DESCRIPTION OF THE TASK:
The reply must repeat the listing below exactly and carry none of its pictures.

DATA BLOCK:

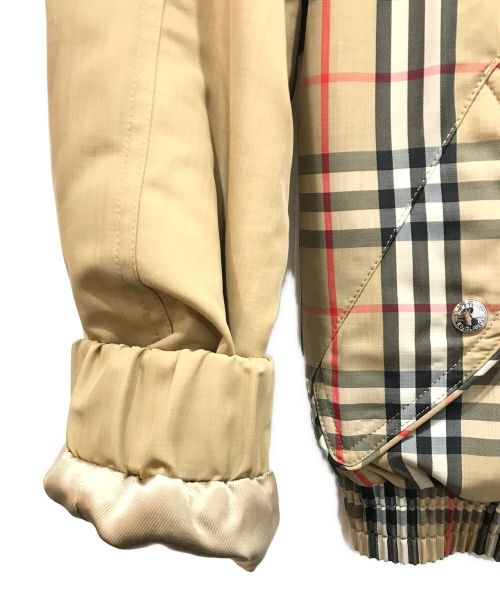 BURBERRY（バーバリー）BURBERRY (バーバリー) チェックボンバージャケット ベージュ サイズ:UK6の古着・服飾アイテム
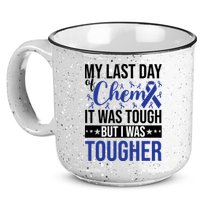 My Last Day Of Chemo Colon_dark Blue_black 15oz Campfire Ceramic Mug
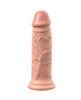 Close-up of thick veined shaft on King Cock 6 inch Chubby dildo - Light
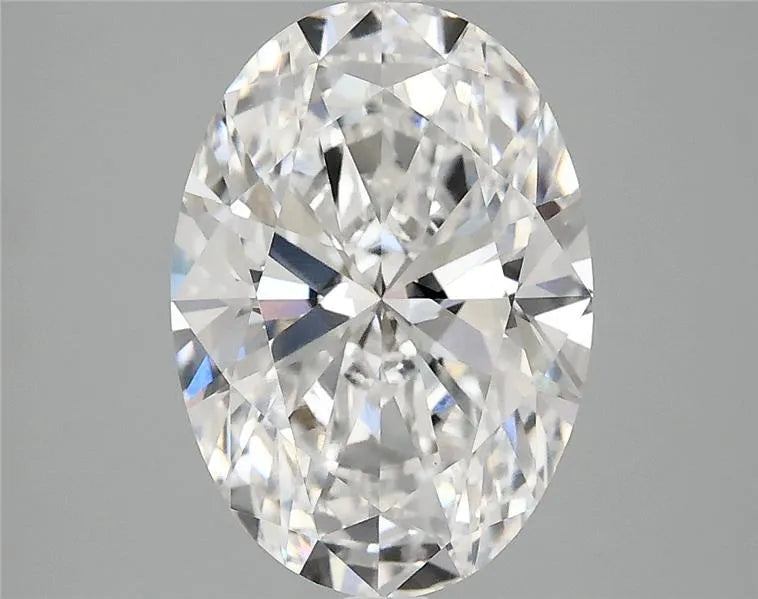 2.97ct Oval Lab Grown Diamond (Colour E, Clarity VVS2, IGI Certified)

TASK SOLUTION:
 BURBERRY（バーバリー）BURBERRY (バーバリー) チェックボンバージャケット ベージュ サイズ:UK6の古着・服飾アイテム
 My Last Day Of Chemo Colon_dark Blue_black 15oz Campfire Ceramic Mug
 Close-up of thick veined shaft on King Cock 6 inch Chubby dildo - Light
 2.97ct Oval Lab Grown Diamond (Colour E, Clarity VVS2, IGI Certified)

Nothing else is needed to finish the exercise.